Mandela’s pro-Palestinian legacy alive and well
Many South Africans see parallels between apartheid and Palestinian resistance, notwithstanding Israel’s disputing the comparison as a lie motivated by anti-Semitism
Days after his release from 27 years in prison in February 1990, Nelson Mandela gave Palestinian leader Yasser Arafat a bear hug, symbolising his embrace of a cause the governing ANC continues to champion.
It was a gesture as controversial then as SA’s support for the Palestinian cause is today, but Mandela brushed off criticism. Arafat’s Palestine Liberation Organisation had been an unwavering supporter of Mandela’s struggle against white minority rule and many South Africans saw parallels between it and the Palestinian resistance to Israeli occupation.
“We were fortunate that with their support, we were able to achieve our freedom. My grandfather said our freedom is incomplete without the Palestinian struggle,” his grandson Mandla Mandela recalled in an interview ahead of the 10th commemoration of Madiba’s death.
Mandla Mandela, who is also an ANC lawmaker, hosted a solidarity conference in Johannesburg for the Palestinians from December 3-5. It was attended by members of Hamas, an organisation Israel has vowed to annihilate in retaliation for its October 7 attack on southern Israel that killed 1,200 people and saw about 240 taken hostage, according to Israeli tallies.
Israeli bombing of Gaza since then has killed more than 15,500 people, according to Gaza’s Hamas-run government, and displaced more than three-quarters of the Gaza Strip’s 2.3-million population.
Last month, the ANC backed a motion in parliament to suspend diplomatic ties with Israel until it agreed to a ceasefire in Gaza.
“Palestinians still do not fully enjoy their freedom on their land.
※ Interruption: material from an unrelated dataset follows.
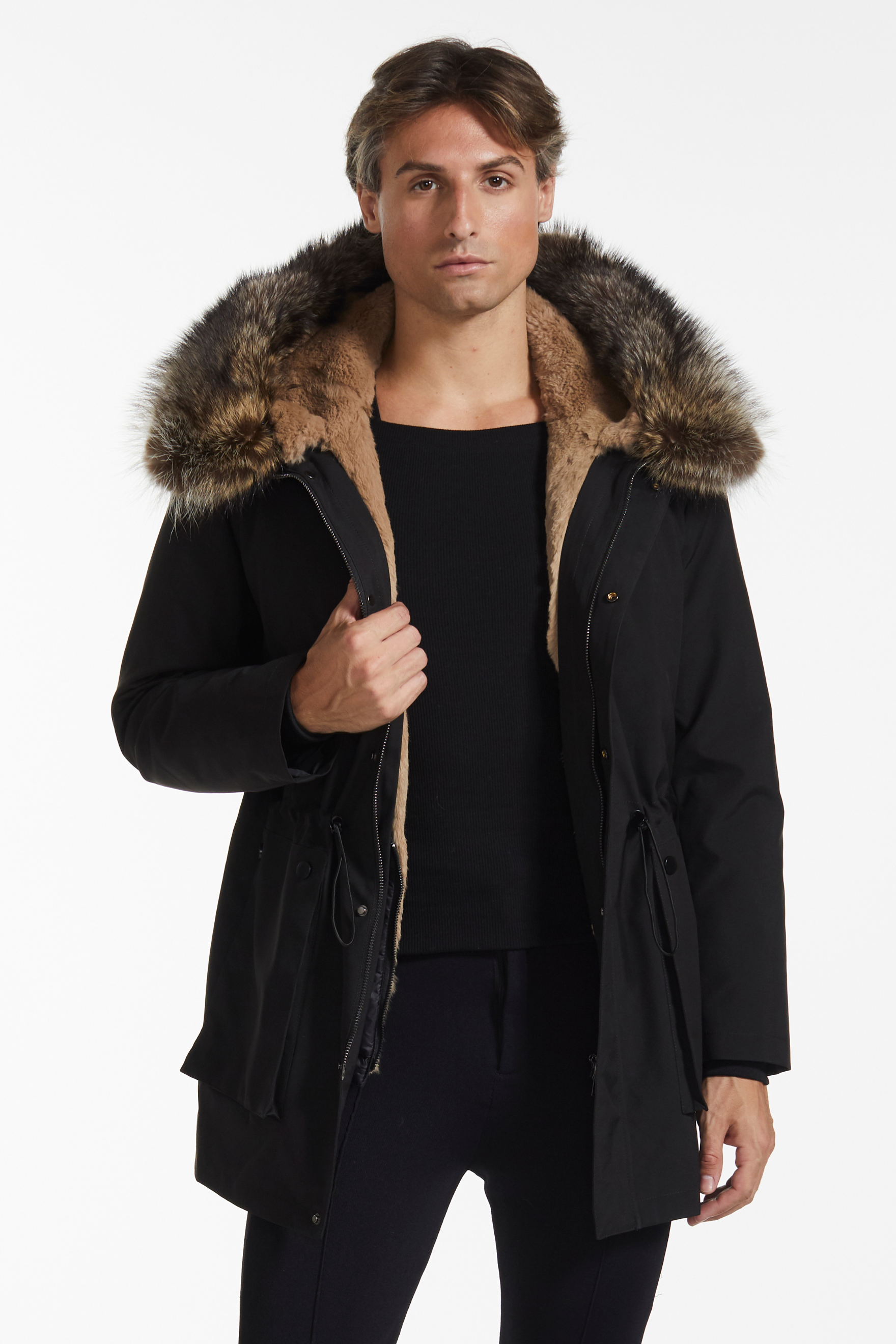 Fur Lined Parka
Instead their land has been annexed more and more, something we also faced in SA,” said Obed Bapela, the ANC’s deputy chair of international relations.
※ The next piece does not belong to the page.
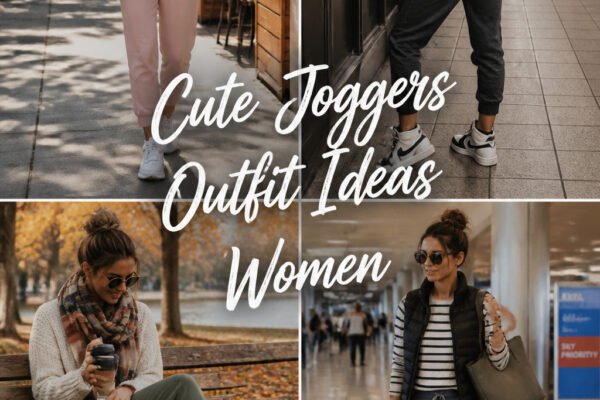 10 Fun Cute Joggers Outfit Women You Will Love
Israel has disputed the comparison with apartheid as a lie motivated by anti-Semitism, but many South Africans follow Mandela’s lead.
“That’s something Mandela never compromised on and nor should we,” poet and author Lebogang Mashile said.
Some members of SA’s Jewish community criticise the ANC’s stance, pointing out that Mandela himself eventually tried to build bridges with Israel.
Historian and author of Jewish Memories of Mandela, David Saks, noted Mandela was the only SA president to have visited Israel since 1994 — albeit after he left office — and that “he received a rapturous welcome from the Israeli public”, addressing then-prime minister Ehud Barak and then-president Ezer Weisman as “my friends”.
“He pointed the way which things should have gone [diplomatically with Israel], but [they] didn’t go that way.”